Elie Mahfoud (Arabic: ايلي محفوض; born 14 March 1968 in Beirut) is a Lebanese lawyer, author, politician, head of the Change Movement (حركة التغـيير) and a member of the secretary-general of the 14 March alliance which he belongs to since October 2006, before which he used to be an FPM official since 1987. He is close to the Lebanese Forces.

== Biography ==
He was born in Beirut on 14 March 1968, to a Christian family from the town of Andaket in Akkar, North Lebanon. He is married to Maria Abu Shakra and they have two sons, Michel and Marc.

He grew up with his family in Furn El Chebbak.

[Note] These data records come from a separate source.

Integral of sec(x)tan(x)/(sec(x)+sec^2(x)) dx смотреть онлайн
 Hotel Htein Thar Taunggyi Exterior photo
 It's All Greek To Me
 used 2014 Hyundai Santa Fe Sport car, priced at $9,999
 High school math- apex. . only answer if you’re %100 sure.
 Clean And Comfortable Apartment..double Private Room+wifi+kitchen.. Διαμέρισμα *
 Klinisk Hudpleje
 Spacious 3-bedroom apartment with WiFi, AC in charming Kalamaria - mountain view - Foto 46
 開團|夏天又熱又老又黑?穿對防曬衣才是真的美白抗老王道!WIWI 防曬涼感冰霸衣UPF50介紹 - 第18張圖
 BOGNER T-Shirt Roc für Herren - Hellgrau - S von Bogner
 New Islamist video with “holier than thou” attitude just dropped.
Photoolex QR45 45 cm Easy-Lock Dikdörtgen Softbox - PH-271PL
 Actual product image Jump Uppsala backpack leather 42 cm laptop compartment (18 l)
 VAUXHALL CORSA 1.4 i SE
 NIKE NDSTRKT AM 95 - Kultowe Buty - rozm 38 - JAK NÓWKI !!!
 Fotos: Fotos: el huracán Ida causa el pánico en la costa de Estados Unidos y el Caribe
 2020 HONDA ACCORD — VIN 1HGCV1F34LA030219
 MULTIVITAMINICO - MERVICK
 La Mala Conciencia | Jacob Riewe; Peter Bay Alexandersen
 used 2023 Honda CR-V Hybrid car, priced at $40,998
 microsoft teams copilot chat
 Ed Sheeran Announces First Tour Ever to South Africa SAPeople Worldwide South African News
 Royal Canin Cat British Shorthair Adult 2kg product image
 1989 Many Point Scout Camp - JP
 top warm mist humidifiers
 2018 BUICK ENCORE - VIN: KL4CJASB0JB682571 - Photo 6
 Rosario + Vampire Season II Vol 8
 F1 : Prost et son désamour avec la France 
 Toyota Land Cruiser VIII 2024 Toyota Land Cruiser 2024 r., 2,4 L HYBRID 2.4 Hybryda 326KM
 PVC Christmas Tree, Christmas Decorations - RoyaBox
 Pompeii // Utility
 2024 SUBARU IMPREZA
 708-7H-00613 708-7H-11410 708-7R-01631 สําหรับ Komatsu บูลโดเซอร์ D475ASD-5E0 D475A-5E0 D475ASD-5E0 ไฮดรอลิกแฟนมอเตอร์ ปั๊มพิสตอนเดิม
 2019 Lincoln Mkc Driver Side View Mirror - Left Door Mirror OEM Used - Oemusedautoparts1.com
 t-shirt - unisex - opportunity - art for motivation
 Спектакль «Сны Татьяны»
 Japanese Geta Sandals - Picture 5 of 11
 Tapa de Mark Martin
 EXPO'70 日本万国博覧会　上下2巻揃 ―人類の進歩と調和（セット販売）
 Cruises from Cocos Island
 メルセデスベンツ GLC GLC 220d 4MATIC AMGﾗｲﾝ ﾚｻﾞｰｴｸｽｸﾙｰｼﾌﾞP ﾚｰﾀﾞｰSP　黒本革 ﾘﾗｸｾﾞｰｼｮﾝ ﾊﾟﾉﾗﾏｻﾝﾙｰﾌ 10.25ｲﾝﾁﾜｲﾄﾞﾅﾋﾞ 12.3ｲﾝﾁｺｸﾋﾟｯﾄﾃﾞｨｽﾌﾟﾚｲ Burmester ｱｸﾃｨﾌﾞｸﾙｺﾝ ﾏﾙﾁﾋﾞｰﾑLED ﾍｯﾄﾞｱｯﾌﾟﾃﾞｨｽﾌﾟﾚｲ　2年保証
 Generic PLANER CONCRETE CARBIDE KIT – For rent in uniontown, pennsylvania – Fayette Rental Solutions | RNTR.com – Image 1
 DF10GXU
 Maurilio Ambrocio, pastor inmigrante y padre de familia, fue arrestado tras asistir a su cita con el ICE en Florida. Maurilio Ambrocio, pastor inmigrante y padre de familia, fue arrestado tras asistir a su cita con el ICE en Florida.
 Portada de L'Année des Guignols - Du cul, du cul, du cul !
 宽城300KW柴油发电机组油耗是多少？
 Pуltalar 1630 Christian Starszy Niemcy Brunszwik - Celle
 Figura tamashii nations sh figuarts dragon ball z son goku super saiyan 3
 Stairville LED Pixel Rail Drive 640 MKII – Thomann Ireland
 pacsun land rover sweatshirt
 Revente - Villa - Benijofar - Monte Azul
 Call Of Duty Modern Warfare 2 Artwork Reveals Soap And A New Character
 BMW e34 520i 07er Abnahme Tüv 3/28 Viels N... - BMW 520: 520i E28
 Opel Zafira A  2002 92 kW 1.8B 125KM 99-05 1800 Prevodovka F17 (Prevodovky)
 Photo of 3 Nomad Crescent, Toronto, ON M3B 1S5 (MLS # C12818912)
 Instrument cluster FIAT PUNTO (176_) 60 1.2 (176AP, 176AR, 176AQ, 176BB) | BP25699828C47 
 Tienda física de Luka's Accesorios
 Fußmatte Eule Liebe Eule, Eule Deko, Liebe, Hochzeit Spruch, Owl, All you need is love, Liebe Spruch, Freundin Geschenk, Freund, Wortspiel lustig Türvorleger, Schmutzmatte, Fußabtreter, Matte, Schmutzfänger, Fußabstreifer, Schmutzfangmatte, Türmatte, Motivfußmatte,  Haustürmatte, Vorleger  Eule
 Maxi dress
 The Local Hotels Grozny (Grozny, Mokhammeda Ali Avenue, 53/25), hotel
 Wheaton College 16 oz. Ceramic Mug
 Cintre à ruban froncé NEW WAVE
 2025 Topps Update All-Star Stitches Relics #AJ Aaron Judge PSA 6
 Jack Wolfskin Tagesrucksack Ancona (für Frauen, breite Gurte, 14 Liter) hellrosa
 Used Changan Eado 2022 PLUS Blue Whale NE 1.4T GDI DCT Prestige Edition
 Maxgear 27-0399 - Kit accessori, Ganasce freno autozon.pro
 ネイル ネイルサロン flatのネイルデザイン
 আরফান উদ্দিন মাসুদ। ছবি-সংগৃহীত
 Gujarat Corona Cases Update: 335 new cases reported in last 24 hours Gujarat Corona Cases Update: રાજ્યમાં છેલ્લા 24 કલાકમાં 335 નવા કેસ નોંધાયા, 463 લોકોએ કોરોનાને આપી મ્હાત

He received his primary education at the Frère College, and then moved to the Mont La Salle College in Ain Saadeh, he then joined the Faculty of Law and Political Sciences at the Lebanese University and obtained a Bachelor of Laws, then joined in 1993 the Beirut Bar Association as a graduated lawyer in Reda Al-Khazen's office.

He was mentored by Said Akl and in 1985 founded the Change Movement, which registered as a Lebanese party on 29 December 2010. Mahfoud belongs to the Maronite politics and considers the Lebanese Forces and its leader Samir Geagea the closest to him, also opposes the Michel Aoun's Free Patriotic Movement.

During the civil war period from 1986 to 1989, he volunteered in the Red Cross as a paramedic. He participated rescue operations in military battles of Jbaa and Jarjoa, which It was between Hezbollah and the Amal Movement.

He has published hundreds of articles in many Lebanese newspapers, and has thousands of positions, statements, statements, television and radio interviews and in the written press. He also published a number of political books like: "We and the Cause", "From the Phoenicians to the Aounists", "Otherwise Lebanon Would End", "The Deception of theCentury", "With Thirty pieces of Silver".